The YouTube video right after this paragraph explains a theory known as Bell’s Inequality which disproves EPR paradox conclusion on Quantum Mechanics and quantum entanglement. Basically, as I dug furthermore into EPR paradox, it seemed that Einstein and his fellows believed and proposed that besides the classical modes of traveling (i.e., nothing can travel faster than light unless there is something that is…), in order for quantum entanglement to be true, there must be hidden variables that inherited by the particles. Perhaps EPR paradox argues that without the explanation of hidden variables, it is impossible for the two particles of the same (i.e., the behaviors of the two particles are well known beforehand) to have the ability to know about each other intentions and to correlate the behaviors, and on top of that to do so within the luxury of ignoring the classical distance limitation (i.e., distance doesn’t matter). Nonetheless, as I had mentioned earlier, the video right after this paragraph disproves the idea of there would be hidden variables.
Of course, before I state anything further, I wish to state that this is what I think and have come to term with my understanding of quantum entanglement and I have no expertise at all in regarding to this topic, therefore what I state next will only be of my own belief and not have any value to anyone unless someone thinks in the same manner in regarding to quantum entanglement as I do. In my opinion, perhaps Einstein and his fellows who proposed EPR paradox are half correct. I also believe the video above this paragraph does make sense, therefore I think Bell’s Inequality might have been right about disproving EPR paradox’s hidden variables suggestion. So, why am I think Einstein and his fellows who orchestrated the EPR paradox paper are half correct? In my opinion, it’s because I think Einstein and his fellows might have a point that two particles of the same (i.e., that we know how the two particles would behave if indeed one has the influence over the other or vice versa) cannot know each other intentions or even communicate with each other at such great distances without resorting to classical modes of traveling or passing (i.e., passing information). Instead of believing there is quantum entanglement, I like to think that it’s all about probability.

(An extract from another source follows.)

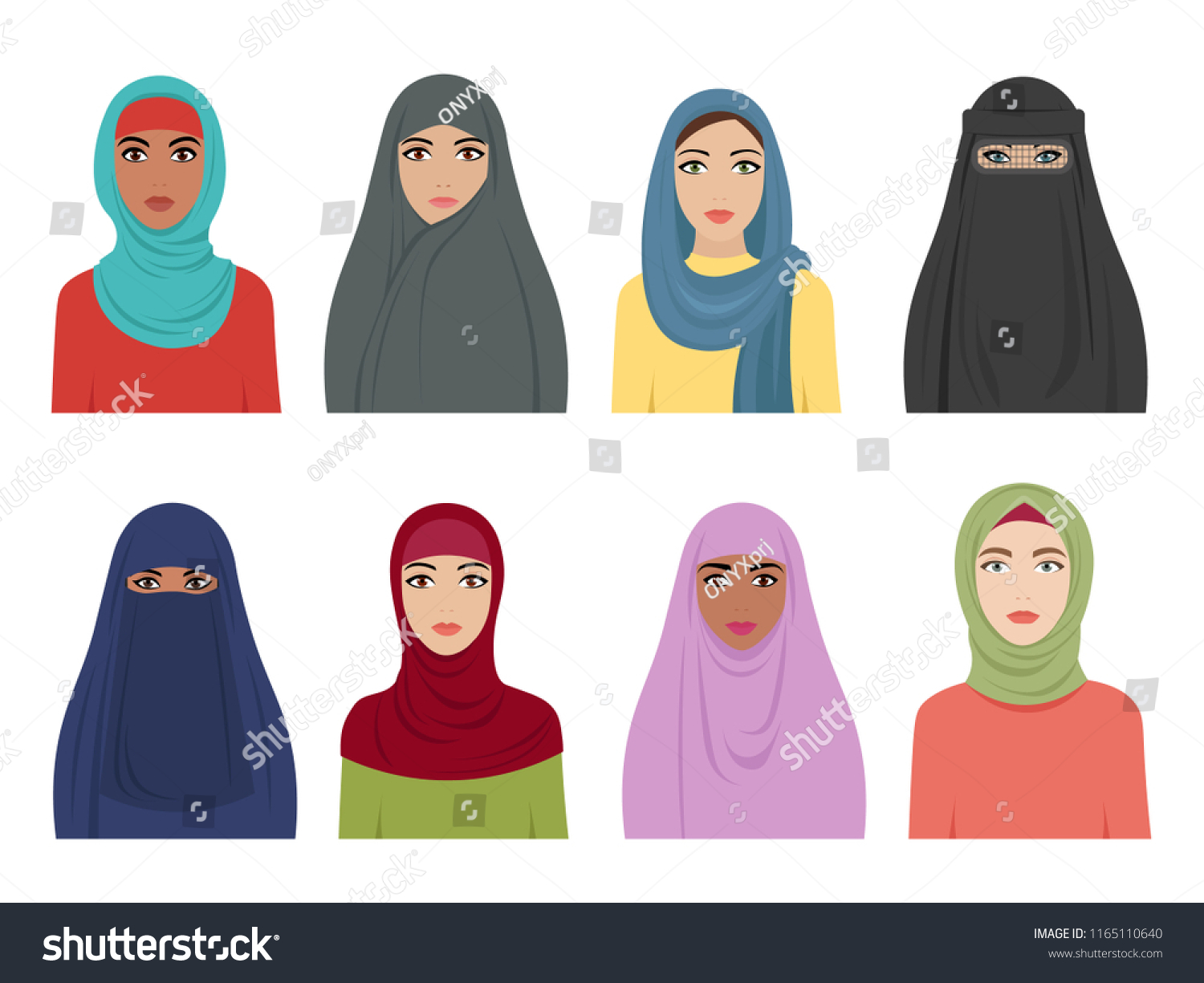 Muslim Girls Avatars Islamic Fashion Women Stock Vector (Royalty Free ...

When I speak of probability, I meant that perhaps the measurements of the results of the behaviors of any two particles might occur within the probability, and this probability allows the capability of any two particles to behave according to their maximum potential (i.e., their inherited possible behaviors). So, in this way, if Alice is measuring particle number 1 and thinking that Bob will see particle number 2 to behave as how she would think it would have in this particular scenario/experiment, then Alice assumes that there is a quantum entanglement going on between the two particles (i.e., that meant to be of the same). Nonetheless, I think Alice would be wrong on assuming like that since I believe that particle number 2 might have the probability to behave in a way that Alice assumes it would be. Confusing? Don’t be, because I might be completely wrong anyway. With my limited knowledge, if there is any, on Quantum Mechanics and quantum entanglement, I cannot be too sure that I know what I’m talking about. Still, with what I understood so far on this particular topic (i.e., quantum entanglement), even if I’m wrong, nothing has yet changed my mind about why I think quantum entanglement might just be only an imagination. Come to think of it, imagination does exist, because we imagine it in our mind. Nonetheless, some imagination might become something real, others just stay as the figments of imagination.